Cloud-to-ground (CG) flashes – detected by the ground-based Austrian
Lightning Detection & Information System (ALDIS) network – are counted on
the 18×18 km2 grid of the 51-member NWP ensemble of the European
Centre for Medium-Range Weather Forecasts (ECMWF). These counts serve as the
target quantity in count data regression models for the occurrence of
lightning events and flash counts of CG. The probability of lightning
occurrence is modelled by a Bernoulli distribution. The flash counts are
modelled with a hurdle approach where the Bernoulli distribution is combined
with a zero-truncated negative binomial. In the statistical models the
parameters of the distributions are described by additive predictors, which
are assembled using potentially nonlinear functions of NWP covariates.

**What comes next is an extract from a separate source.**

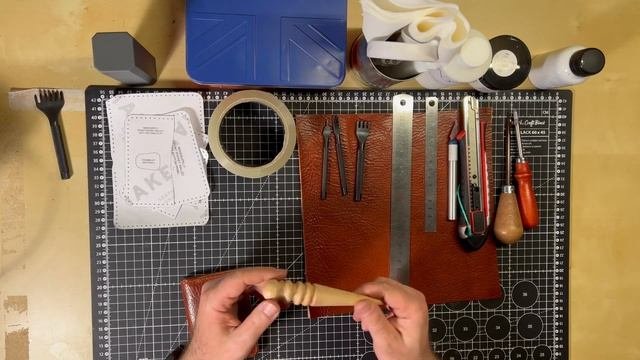 Мое первое изделие из кожи!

Measures of location and spread of 100 direct and derived NWP covariates
provide a pool of candidates for the nonlinear terms. A combination of
stability selection and gradient boosting identifies the nine (three) most
influential terms for the parameters of the Bernoulli (zero-truncated
negative binomial) distribution, most of which turn out to be associated with
either convective available potential energy (CAPE) or convective
precipitation. Markov chain Monte Carlo (MCMC) sampling estimates the final
model to provide credible inference of effects, scores, and
predictions. The selection of terms and MCMC sampling are applied for data of
the year 2016, and out-of-sample performance is evaluated for 2017. The
occurrence model outperforms a reference climatology – based on 7 years of
data – up to a forecast horizon of 5 days. The flash count model is
calibrated and also outperforms climatology for exceedance probabilities,
quantiles, and full predictive distributions.